Piano music and songs by Tolstoy, Pasternak, Diaghilev
"A highly listenable, enlightening, and well-played program." ClassicsToday.com; "Lera Auerbach ... führt die so gut wie unbekannten Werke mit aller Leidenschaft und Eindringlichkeit vor." Klassik-Heute.de; "These works, caringly dispatched by Ms. Auerbach, offer suggestive glimpses into the varying talents of those Russian greats." New York Times
Apart from being icons of Russian culture, what did Leo Tolstoy and George Balanchine have in common? Or Boris Pasternak and Sergei Diaghilev, for that matter? The answer is music. These four and the other authors, poets and painters represented on this disc were all passionate music lovers, and at some point in their lives they all composed.

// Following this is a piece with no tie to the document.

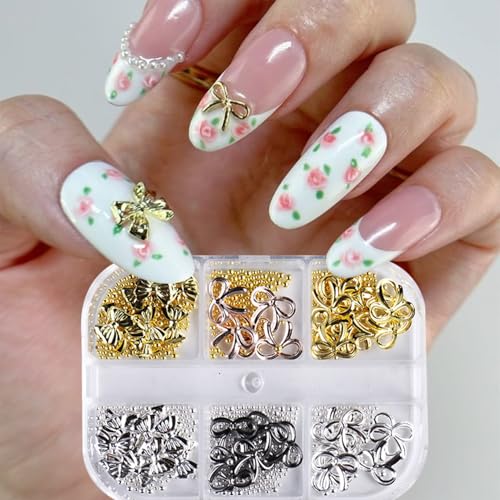 3D Metal Alloy Bow Nail Charms Gold and Silver Bowknot Nail Gems Art Supplies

Some of them (Pasternak and Balanchine, for instance) at one stage studied music at conservatory level, others, being members of the aristocracy (such as Tolstoy and the early 19th century playwright Alexander Griboyedov) received a musical education as children. (Griboyedov at one stage actually took lessons with John Field.) And others again, like Pavel Fedotov, the founder of the realistic school of painting in Russia, were self-taught as musicians. With these different backgrounds in mind, it is only natural that the music they wrote is highly varied – from typical salon miniatures to the Scriabinesque works by Pasternak, via Fedotov’s romances, closer to folk-song than to art song. And who could be a better exponent of this aspect of Russian cultural life than Lera Auerbach? A pianist and composer (her Twenty-Four Preludes for Violin and Piano has been released on BIS-CD-1242) of increasing renown, she is also a respected author who already in 1996, at the age of 23, was named Poet of the Year by the International Pushkin Society. In the songs included in this programme, Lera Auerbach is joined by baritone Chiyuki Urano, who has participated as soloist on a number of BIS recordings with Bach Collegium Japan.